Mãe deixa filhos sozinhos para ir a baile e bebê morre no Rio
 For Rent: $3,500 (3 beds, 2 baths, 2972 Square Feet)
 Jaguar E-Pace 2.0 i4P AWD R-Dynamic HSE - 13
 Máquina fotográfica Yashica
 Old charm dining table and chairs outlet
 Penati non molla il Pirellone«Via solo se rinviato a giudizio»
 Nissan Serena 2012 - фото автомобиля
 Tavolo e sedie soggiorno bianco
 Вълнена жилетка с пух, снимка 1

☆ ☆ ☆ ☆

WHAT THE EXERCISE ASKS
Begin with the line holding "Tavolo e sedie soggiorno bianco" and end with the last line of the material. Write out those lines exactly, and only those.

EXERCISE RESPONSE
 Tavolo e sedie soggiorno bianco
 Вълнена жилетка с пух, снимка 1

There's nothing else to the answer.